Nesta quarta-feira em que o governo do Estado e o Ministério Público do Trabalho (MPT) se reúnem para discutir ações de combate à exploração de trabalhadores, é preciso refletir sobre as circunstâncias que permitiram que o Rio Grande do Sul vivesse o vexame de ter 207 seres humanos trabalhando em "condições análogas à escravidão".
Existem componentes objetivos - a necessidade de corte de custos, mesmo a qualquer preço - e subjetivos - a concepção de que há diferentes graus de humanidade - na equação, sem contar a ambição desmedida de agentes econômicos.
Como esta é uma coluna de economia, vai ficar na análise do primeiro componente, sem deixar de registrar que a noção de diferentes graus de humanidade é muito arraigada e permeia outros tipos de relações, não se limita a criar condições para a escravidão moderna.
Por que, sim, é disso que se trata. E, infelizmente, não é um fenômeno pontual. Na mesma semana em que os gaúchos se horrorizavam com a descoberta das condições desumanas de trabalho em um Estado que gosta de celebrar façanhas, um naufrágio na costa do sul da Itália matou 71 pessoas que estavam sendo traficadas do Afeganistão e do Irã para a Europa. Se não perecessem na travessia, seriam outros escravos modernos.
A repercussão do caso deixou clara uma das consequências da redução de gastos sem critério: o custo final pode ser muito maior. Além dos danos à imagem, as empresas envolvidas enfrentam boicotes, devolução de produtos, ações judiciais. Em uma ironia circunstancial, o caso foi revelado poucos dias depois que o Instituto Capitalismo Consciente começou - exatamente no Rio Grande do Sul - uma série de debates para reduzir as desigualdades nos negócios.

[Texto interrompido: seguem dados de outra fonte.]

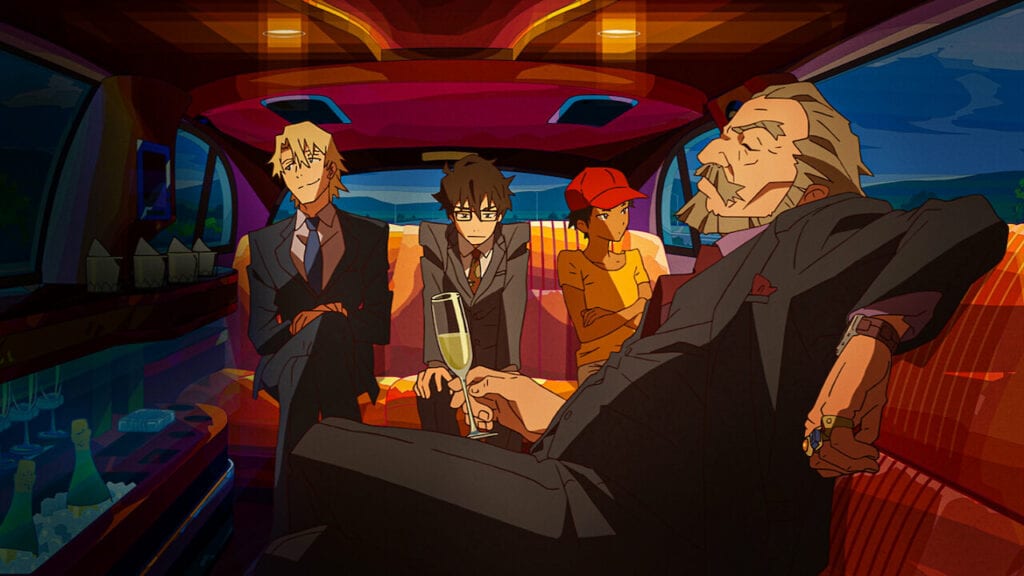 gambar anime Great Pretender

O episódio de Bento Gonçalves tem de ser para o Estado o que o incêndio em uma fábrica de roupas em Bangladesh, em dezembro de 2010, foi para o fast fashion. A morte de 30 pessoas que não conseguiram fugir quando costuravam para marcas como GAP, H&M e Zara - entre muitas outras - foi um ponto de inflexão. Obrigou essas empresas a se responsabilizar por toda sua cadeia de produção - como tem de ser.

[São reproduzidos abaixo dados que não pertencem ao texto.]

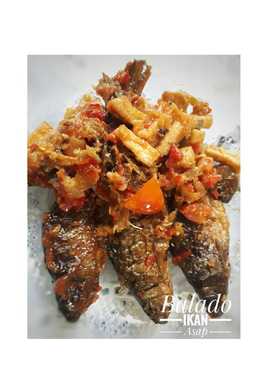 Balado ikan asap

Até a primeira metade do século 20, escarradeiras eram objetos úteis. Até a década final do século passado, era normal fumar em avião. Aos trancos, o mundo evolui. Em poucas décadas, humanos constatarão, estupefatos, que seus antepassados das primeiras décadas do século 21 ainda toleravam índices intoleráveis de desigualdade.
Nas notas publicadas pelas empresas gaúchas mais conhecidas implicadas no trabalho análogo à escravidão - Aurora, Garibaldi e Salton - há indícios de que a lição foi aprendida. Há pertinentes pedidos de desculpas e necessárias promessas de mudança de políticas internas. Se não for por compreender que todos somos igualmente humanos, que seja porque consertar um erro desse tamanho custa mais caro do que evitá-lo.